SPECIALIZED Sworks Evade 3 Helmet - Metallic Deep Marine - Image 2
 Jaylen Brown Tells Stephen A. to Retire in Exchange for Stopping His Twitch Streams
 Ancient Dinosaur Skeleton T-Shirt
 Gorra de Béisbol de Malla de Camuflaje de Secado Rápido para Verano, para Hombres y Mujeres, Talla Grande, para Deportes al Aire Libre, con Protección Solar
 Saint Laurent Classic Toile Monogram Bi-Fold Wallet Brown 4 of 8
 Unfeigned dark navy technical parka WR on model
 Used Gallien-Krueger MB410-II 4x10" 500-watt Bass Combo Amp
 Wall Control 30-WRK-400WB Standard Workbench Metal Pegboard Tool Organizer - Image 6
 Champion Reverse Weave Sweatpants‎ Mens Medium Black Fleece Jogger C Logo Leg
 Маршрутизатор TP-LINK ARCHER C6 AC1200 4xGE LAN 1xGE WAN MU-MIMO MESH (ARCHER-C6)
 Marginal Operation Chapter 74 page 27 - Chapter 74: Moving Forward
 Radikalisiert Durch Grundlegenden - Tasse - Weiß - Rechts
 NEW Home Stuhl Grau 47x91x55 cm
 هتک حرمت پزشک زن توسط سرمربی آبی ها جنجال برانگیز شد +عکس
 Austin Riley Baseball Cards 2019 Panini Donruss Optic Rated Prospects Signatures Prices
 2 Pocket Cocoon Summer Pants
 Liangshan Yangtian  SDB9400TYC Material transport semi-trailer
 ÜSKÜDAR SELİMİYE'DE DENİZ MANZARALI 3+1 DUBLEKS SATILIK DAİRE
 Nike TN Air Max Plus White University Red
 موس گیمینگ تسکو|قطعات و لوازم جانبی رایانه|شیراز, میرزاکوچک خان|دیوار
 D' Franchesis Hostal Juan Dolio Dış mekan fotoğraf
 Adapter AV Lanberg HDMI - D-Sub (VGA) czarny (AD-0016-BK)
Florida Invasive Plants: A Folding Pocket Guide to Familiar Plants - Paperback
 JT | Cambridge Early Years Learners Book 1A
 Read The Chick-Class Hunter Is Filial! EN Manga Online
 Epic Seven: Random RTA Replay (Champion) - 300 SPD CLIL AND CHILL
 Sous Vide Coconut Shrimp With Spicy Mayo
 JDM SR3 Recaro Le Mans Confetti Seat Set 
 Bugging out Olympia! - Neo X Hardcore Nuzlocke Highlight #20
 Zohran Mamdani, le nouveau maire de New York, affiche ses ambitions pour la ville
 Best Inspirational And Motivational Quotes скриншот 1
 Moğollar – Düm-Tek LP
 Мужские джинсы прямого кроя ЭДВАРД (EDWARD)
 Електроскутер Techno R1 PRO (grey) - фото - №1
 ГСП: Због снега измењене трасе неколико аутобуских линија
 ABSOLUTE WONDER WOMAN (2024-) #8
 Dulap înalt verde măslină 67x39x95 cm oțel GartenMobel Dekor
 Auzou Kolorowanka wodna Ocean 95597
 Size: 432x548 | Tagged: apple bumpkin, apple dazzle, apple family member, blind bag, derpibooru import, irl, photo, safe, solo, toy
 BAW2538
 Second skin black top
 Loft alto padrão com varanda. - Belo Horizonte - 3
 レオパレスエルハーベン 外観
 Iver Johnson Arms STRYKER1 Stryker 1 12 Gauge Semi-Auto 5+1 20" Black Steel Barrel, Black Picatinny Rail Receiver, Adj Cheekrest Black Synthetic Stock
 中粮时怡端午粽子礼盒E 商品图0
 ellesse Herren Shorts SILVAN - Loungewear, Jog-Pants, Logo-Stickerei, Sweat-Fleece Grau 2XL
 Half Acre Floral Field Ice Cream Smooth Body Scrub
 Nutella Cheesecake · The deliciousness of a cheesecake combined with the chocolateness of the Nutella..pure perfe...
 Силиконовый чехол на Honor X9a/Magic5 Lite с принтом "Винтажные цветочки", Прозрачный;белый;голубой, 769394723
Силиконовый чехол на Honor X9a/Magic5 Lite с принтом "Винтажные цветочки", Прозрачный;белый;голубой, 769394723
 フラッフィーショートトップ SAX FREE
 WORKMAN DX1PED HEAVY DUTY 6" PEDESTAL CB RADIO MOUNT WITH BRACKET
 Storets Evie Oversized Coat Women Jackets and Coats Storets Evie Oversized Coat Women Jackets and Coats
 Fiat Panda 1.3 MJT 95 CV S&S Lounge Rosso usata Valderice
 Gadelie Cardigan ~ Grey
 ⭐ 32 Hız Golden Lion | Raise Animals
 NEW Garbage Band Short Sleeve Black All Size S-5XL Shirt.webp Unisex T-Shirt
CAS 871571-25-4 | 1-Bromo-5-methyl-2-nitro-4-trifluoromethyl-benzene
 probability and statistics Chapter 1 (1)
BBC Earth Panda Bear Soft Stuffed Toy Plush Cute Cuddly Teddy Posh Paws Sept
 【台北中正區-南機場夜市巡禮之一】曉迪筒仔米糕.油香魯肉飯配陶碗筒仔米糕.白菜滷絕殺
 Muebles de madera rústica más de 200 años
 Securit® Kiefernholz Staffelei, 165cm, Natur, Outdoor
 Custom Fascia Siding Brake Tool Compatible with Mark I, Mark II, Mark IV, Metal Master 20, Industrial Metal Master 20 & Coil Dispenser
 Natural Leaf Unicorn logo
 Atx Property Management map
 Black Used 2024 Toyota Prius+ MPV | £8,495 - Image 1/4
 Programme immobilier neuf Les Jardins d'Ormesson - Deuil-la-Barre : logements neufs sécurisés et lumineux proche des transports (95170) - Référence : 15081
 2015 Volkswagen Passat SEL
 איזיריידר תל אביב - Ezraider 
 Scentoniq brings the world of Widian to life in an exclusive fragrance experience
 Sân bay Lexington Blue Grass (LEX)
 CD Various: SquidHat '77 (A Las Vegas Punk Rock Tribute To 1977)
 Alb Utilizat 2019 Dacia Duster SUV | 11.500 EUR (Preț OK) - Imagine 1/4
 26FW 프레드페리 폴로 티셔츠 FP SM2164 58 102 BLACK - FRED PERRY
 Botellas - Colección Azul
--- --- ---
## Description of the task
After locating the line that contains "Champion Reverse Weave", please copy exactly every line from the start of the records through it, and nothing else.

## Response to this task
SPECIALIZED Sworks Evade 3 Helmet - Metallic Deep Marine - Image 2
 Jaylen Brown Tells Stephen A. to Retire in Exchange for Stopping His Twitch Streams
 Ancient Dinosaur Skeleton T-Shirt
 Gorra de Béisbol de Malla de Camuflaje de Secado Rápido para Verano, para Hombres y Mujeres, Talla Grande, para Deportes al Aire Libre, con Protección Solar
 Saint Laurent Classic Toile Monogram Bi-Fold Wallet Brown 4 of 8
 Unfeigned dark navy technical parka WR on model
 Used Gallien-Krueger MB410-II 4x10" 500-watt Bass Combo Amp
 Wall Control 30-WRK-400WB Standard Workbench Metal Pegboard Tool Organizer - Image 6
 Champion Reverse Weave Sweatpants‎ Mens Medium Black Fleece Jogger C Logo Leg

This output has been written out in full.